WHAT THIS TASK INVOLVES: After finding the line containing "Women's Quilted Pullover" below, please output that line and each following one through the line containing "52 ans, l'âge", exactly as written.

INFORMATION PROVIDED:
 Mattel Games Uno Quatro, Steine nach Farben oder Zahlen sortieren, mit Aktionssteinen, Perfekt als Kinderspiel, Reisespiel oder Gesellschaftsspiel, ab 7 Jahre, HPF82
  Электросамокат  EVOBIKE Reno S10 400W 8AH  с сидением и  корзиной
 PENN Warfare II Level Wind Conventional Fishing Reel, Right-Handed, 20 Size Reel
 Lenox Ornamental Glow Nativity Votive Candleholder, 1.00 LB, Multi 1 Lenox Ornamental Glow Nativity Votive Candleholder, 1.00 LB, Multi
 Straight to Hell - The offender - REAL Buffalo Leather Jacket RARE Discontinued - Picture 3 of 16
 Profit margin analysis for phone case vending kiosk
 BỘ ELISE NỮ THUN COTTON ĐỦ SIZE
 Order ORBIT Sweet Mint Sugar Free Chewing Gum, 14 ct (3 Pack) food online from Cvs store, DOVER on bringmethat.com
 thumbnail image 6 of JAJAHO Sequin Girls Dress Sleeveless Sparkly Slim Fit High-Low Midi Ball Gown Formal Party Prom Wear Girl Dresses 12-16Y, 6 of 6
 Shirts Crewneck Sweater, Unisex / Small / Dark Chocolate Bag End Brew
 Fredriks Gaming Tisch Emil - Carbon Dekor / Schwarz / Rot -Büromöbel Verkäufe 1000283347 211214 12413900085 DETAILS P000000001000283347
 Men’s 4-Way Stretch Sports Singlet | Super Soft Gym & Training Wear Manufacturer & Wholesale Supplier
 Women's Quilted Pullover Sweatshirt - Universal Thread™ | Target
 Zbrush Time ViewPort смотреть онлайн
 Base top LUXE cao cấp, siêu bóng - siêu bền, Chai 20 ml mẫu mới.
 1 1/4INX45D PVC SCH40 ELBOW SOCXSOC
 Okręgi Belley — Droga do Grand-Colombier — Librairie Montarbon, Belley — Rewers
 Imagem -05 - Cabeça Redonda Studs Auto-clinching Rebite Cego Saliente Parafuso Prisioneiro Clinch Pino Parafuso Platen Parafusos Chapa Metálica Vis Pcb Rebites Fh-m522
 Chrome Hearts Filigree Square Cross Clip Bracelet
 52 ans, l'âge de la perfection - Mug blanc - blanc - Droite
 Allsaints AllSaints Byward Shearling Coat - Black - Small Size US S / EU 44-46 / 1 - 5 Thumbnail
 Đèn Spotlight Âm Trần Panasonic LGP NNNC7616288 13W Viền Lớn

ANSWER SPACE:
 Women's Quilted Pullover Sweatshirt - Universal Thread™ | Target
 Zbrush Time ViewPort смотреть онлайн
 Base top LUXE cao cấp, siêu bóng - siêu bền, Chai 20 ml mẫu mới.
 1 1/4INX45D PVC SCH40 ELBOW SOCXSOC
 Okręgi Belley — Droga do Grand-Colombier — Librairie Montarbon, Belley — Rewers
 Imagem -05 - Cabeça Redonda Studs Auto-clinching Rebite Cego Saliente Parafuso Prisioneiro Clinch Pino Parafuso Platen Parafusos Chapa Metálica Vis Pcb Rebites Fh-m522
 Chrome Hearts Filigree Square Cross Clip Bracelet
 52 ans, l'âge de la perfection - Mug blanc - blanc - Droite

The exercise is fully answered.